Clearly I am not in the same league, since we’ve usually received quite a few cards by now and all we’ve had to date is the odd one from buyers on EBay. I’m not counting the one sent by the decorator; touched as I was, I would have preferred that four-month-old quote for the exterior paintwork. Nor the one from a PR woman I once worked with ten years ago (either I made a lasting impression or she sends them out by the truckload).

 

I assume the festive email I sent out last year is responsible for this. Telling people I was trying to have an environmentally friendly Christmas means they all probably went, ‘Great, one less to worry about’ and struck me off their list. Either that or they added ‘hair shirt’ under ‘presents’. Personally, I prefer the hemp ones. They’re less itchy.

 

This year I’ve bought cards made from recycled paper, so that my friends and family don’t think I’m a total Scrooge, and have kept up the eco theme by buying my father a carbon neutral pack. This is to make up for the CO2 emissions generated by their flight from France, where they now live – they are coming over for Christmas – and is in no way intended as a comment on their desertion of the grandchildren.

 

I was considering getting Mum the alpaca from Oxfam Unwrapped, but on top of the Dad’s present that might be overdoing it. There are only so many ethical gifts a person can receive without experiencing a slight anticlimax. Yvonne’s already got three goats from last Christmas; I suspect she’ll have an entire herd by the 25th . She says it gives her a warm, woolly feeling. They’ll be angoras, then.

 

I would like to buy recycled wrapping paper, but it costs a fortune. The Guardian’s designer wrapping paper – artsy newsprint without the gross-out headlines that you might, if you knew someone green enough, conceivably use – was a good idea (I got the Paula Rego and Mark Titchner) but Mum’s an Express reader.

 

Besides which, they like Constable prints. Wrapping her National Trust lavender neck warmer in a Turner Prize loser would not go down at all well. I suppose I could use the crossword page. If it’s got the sudoku on it too, she’ll be a happy bunny.

 

1.18am. Christmas is now officially here. Have just returned from a bop at York Brewery where lots of people wore glittery tops and the DJ played Slade and everyone tried to get Noddy Holder’s ‘It’s Christ-mas!’ screech in the right place and got it hopelessly wrong.

 

I wore my sequinned top, which only gets an airing at Christmas because it’s too full on for any other time of year.
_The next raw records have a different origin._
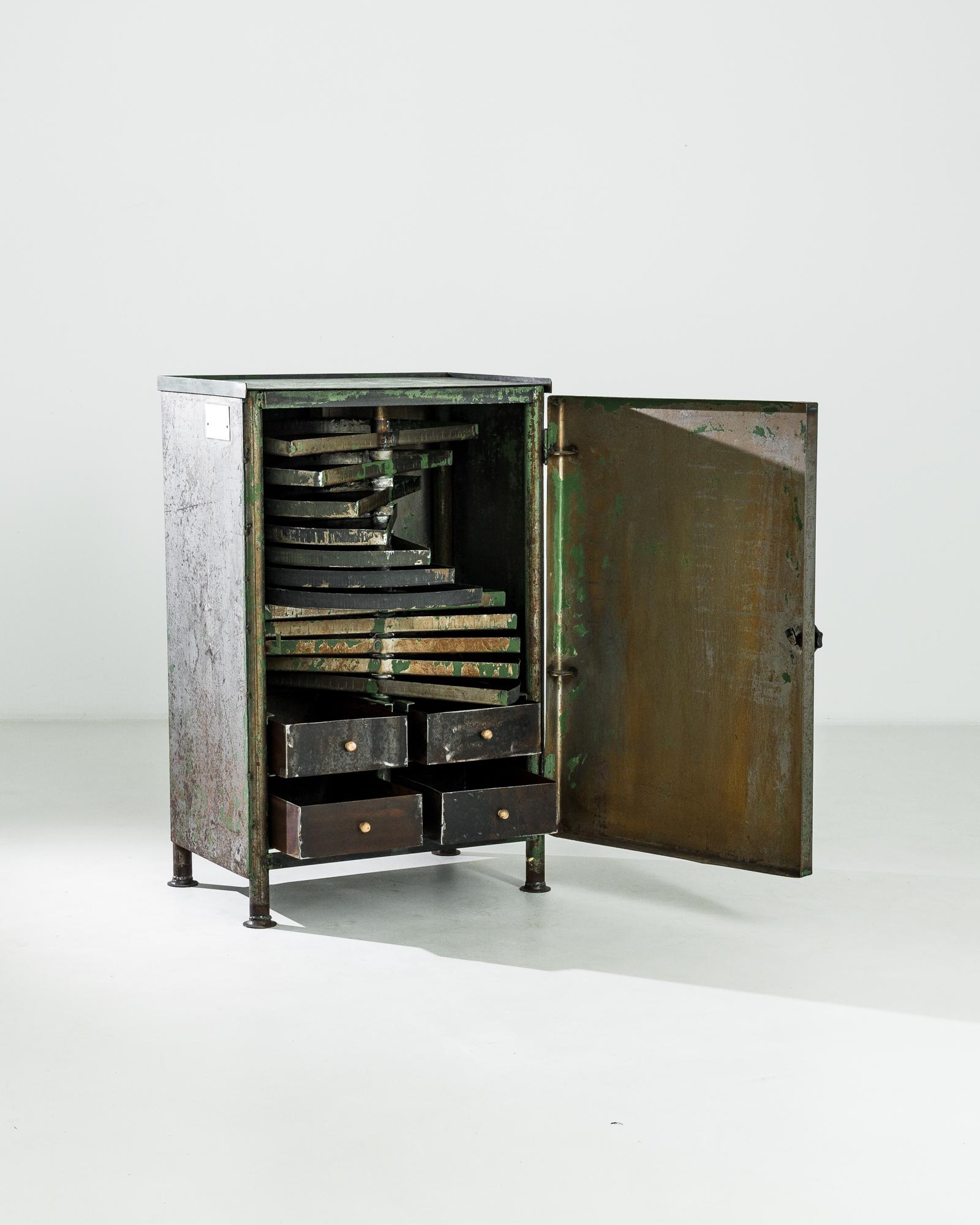Manufactured in Central Europe circa 1950, this industrial cabinet adopts a perfectly rectangular shape punctuated by short tubular legs. A wide metal door decorated with a minimalist black heptagon pull hides the intricate interior of iron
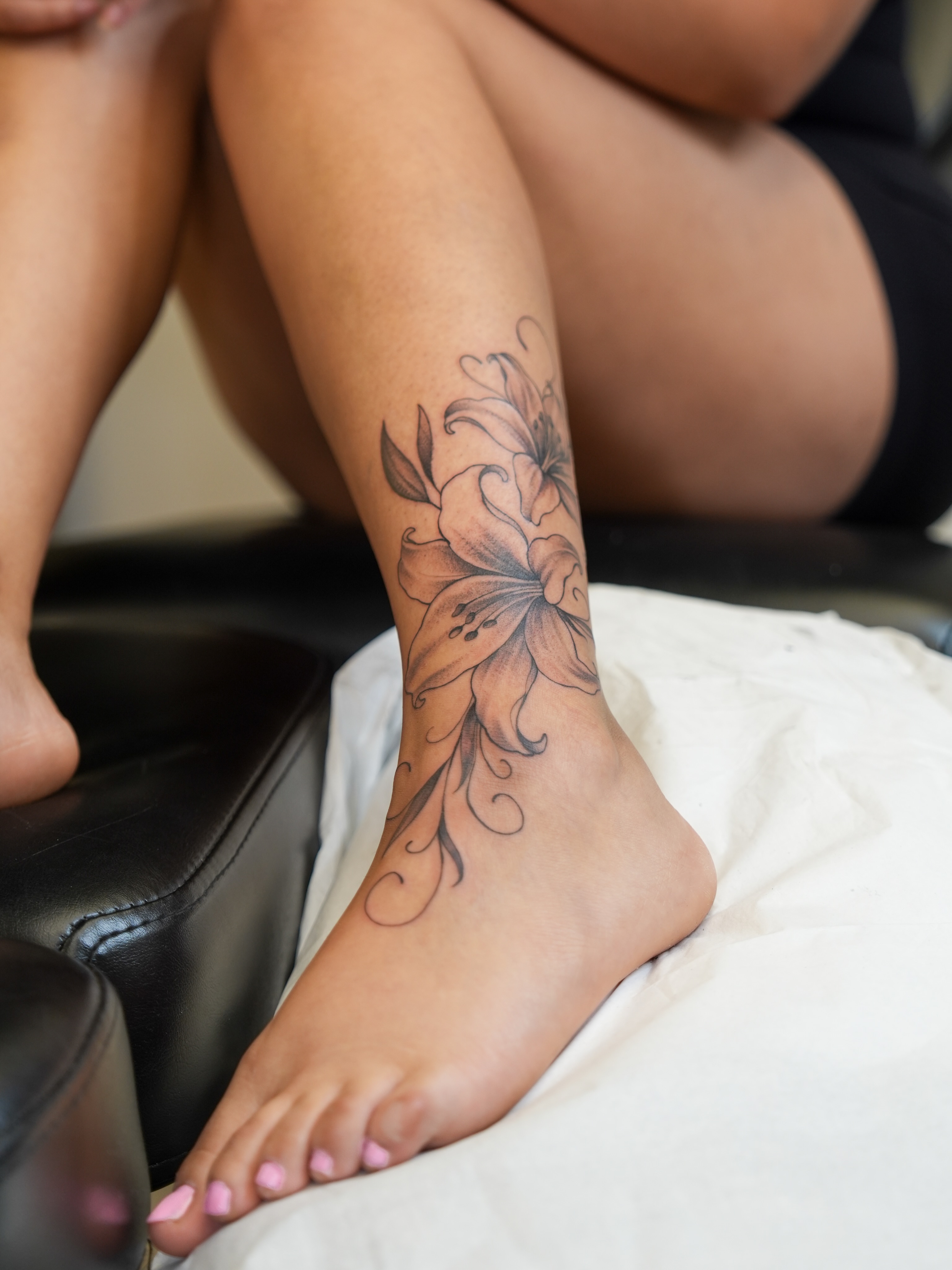 Lily black and grey tattoo on the foot by Kevin Betancourt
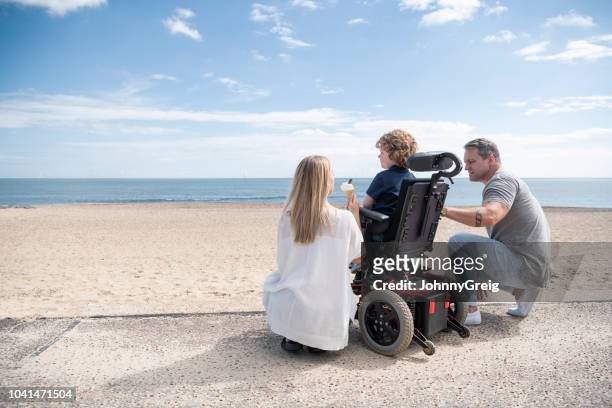 ouders crouching door zoon in rolstoel op strand - wheelchair stockfoto's en -beelden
I would have worn the new sparkly top I got for £13.99, which was a bargain, I thought, until the sparkly bits adhered to my armpit making me look as if I had ghastly green – albeit twinkly – stubble.

 

Having watched Nigella’s Christmas Kitchen last Wednesday, it’s not just discos for which glitter is de rigueur.  The gorgeous pouting Domestic Goddess dredges her Christmas cake in it, too, as well as edible gold stars and a hailstorm of gold and silver balls.

 

I’m thinking of trying Nigella’s version (it also has coffee beans on top and, sacrilegiously, no marzipan or icing) on Mum, who comes from the peaky-iced-winter-scene-with-snowman school. I suspect she’ll view edible green-and-red glitter as a danger to denture-wearers. Frankly, it’s all gone a bit Mark Titchner.